I’m going to admit right off the bat that this book royally ticked me off.  It’s probably unfair, but there’s something in the author’s style that really, really annoys me.  The “chattiness” I referred to earlier isn’t the chatting of a friend to another friend, but that of a parent to a child, with that same hint of condescension and lecturing.  That put me right off the book, even if I did read it cover to cover.  The personality is thick in this book, while Eagar tends to back away and usually lets the facts do the talking.

If either of the examples below doesn’t bother you, or actually helps you somehow, you might want to choose Katz’ book over Eagar’s.  Otherwise, go with Sell Your Book Like Wildfire.  There’s enough overlap in material that you won’t miss out if you only read one of the two.
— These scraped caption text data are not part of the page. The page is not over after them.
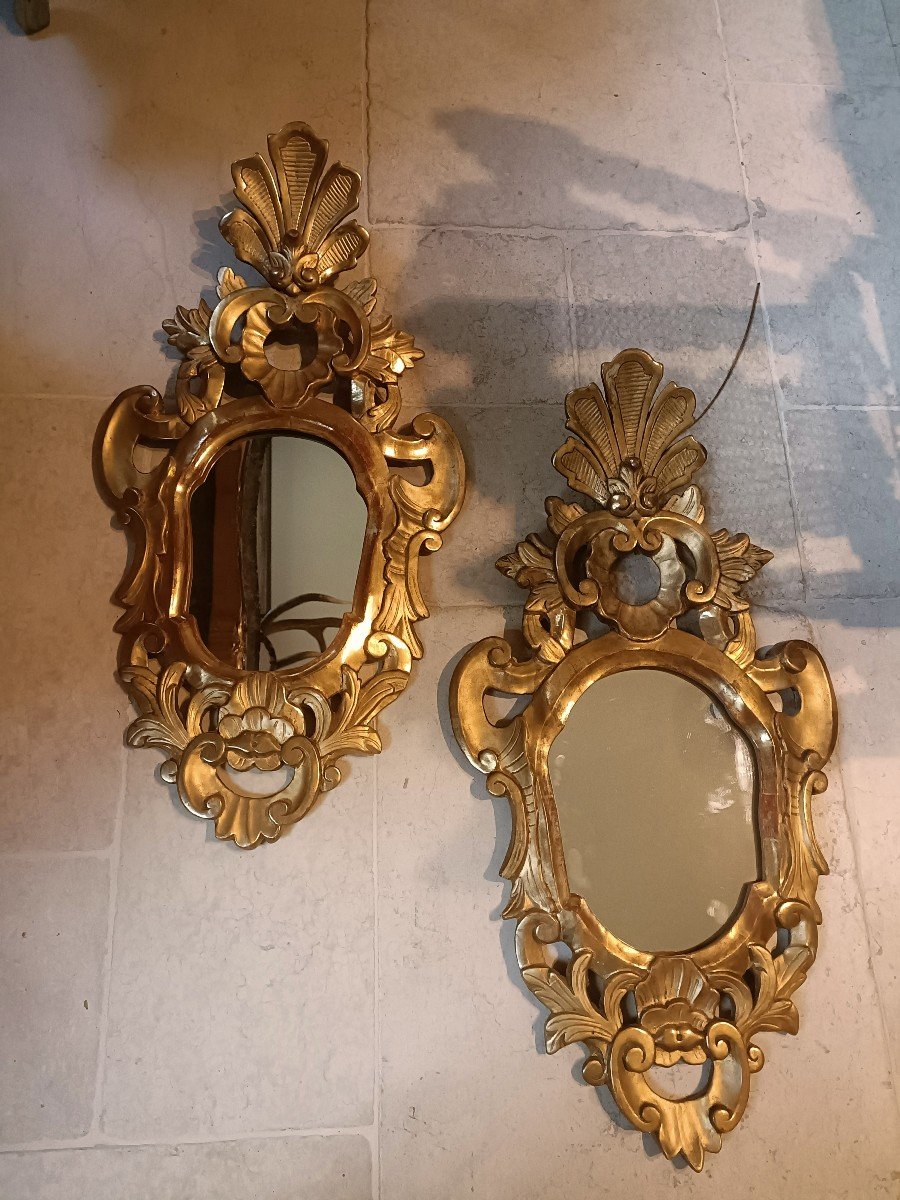 Pair Of Baroque Gilded Wooden Mirrors -photo-3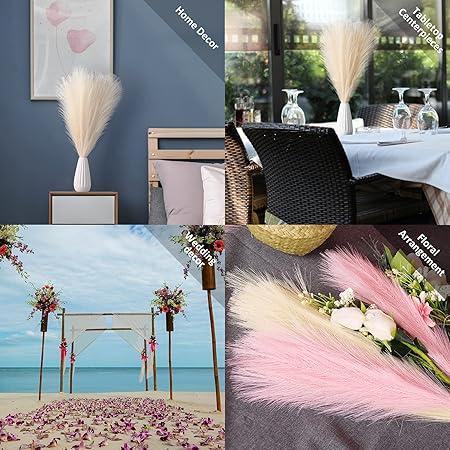 EVODIS Faux Pampas Grass 18” (45cm) – 6 Stems Fluffy Artificial Pampas for Home & Wedding Décor, Boho Chic Vase Filler (White)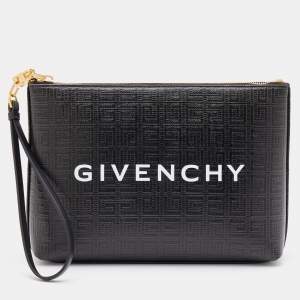 Givenchy Black Monogram Coated Canvas Logo Detail 4G Pouch
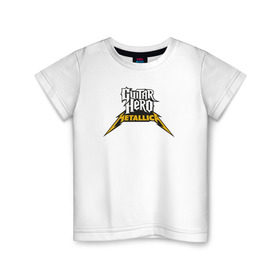 Детская футболка хлопок с принтом Guitar Hero: Metallica в Петрозаводске, 100% хлопок | круглый вырез горловины, полуприлегающий силуэт, длина до линии бедер | металлика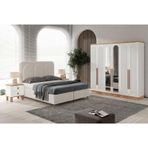 Guneystore Ücretsiz Montaj - %100 Mdf Rosa 6 Kapaklı Yatak Odası Takımı - Mdf Dolap - Elbise Dolabı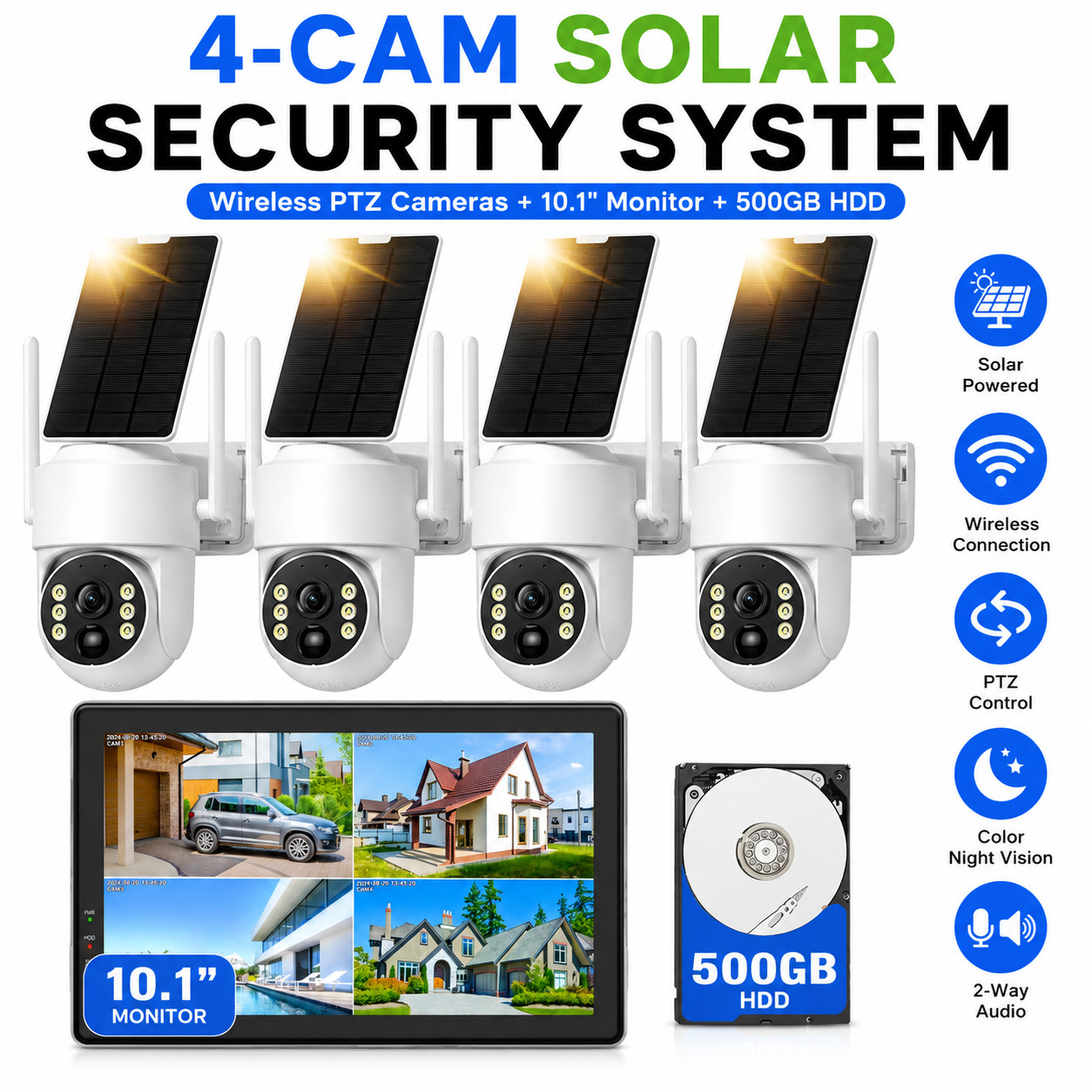Solar Powered Security Camera Outdoor Wireless System 10CH 10″ Monitor Home HDD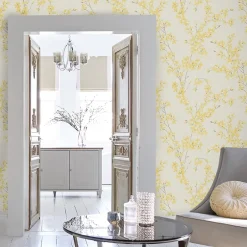 Laura Ashley Papier peint intissé Forsythia imprimé fleurs jaune L.1000 x l.52cm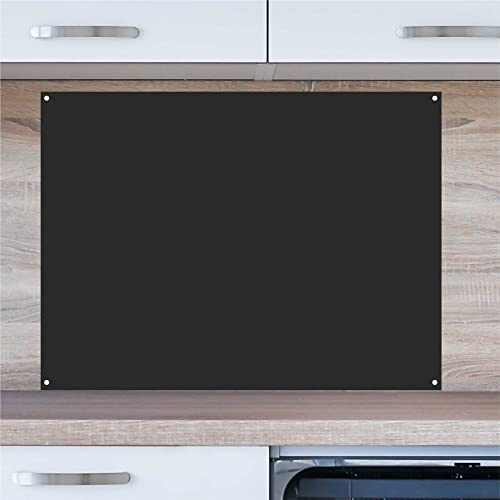 INDIGOS UG Pannello posteriore da cucina per specchio piastrellato – nero – 90 x 65 cm – Pannello di protezione dagli spruzzi in alluminio composito resistente al calore – parete posteriore cucina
  • “The problem for writers who want a leg up today isn’t the state of the world, the unstable economy, or even the climate in the publishing industry… The problem isn’t (if you have one of these) your editor, your agent, your publisher or even your publisher’s publicist…  The problem just might be, my dear fellow writer, you…  Specifically your attitude.”
  • Exercise for establishing your platform: “Have you ever imagined yourself as an action figure?  Want to imagine yourself as an action figure?  Go to [website] and browse the action figures, and then describe yours.  What props does your action figure have?”

Katz makes a huge deal of the concept of “authenticity” in this book, and if that resonates with you, you’ll probably connect to it better than I did.  Despite the constant reminder to always be genuine when interacting with the outer world through your platform, I found the book to feel very inauthentic, in that Katz seems to have a clear platform-defined persona which she keeps under tight restraint.

That said, there’s a lot of valuable information in this book, and if you can read past the platform spin better than I can, you’ll get a lot out of it.

Note: If you really do want to see platform in action, read this book.  This book is clearly a product of Christina Katz’ platform, a real-life case study in what something engineered specifically for platform-expanding purposes might look like.

If you’ve been wondering what to read to get your brain around marketing and platform-building, I hope I’ve helped cut down your potential list just a little.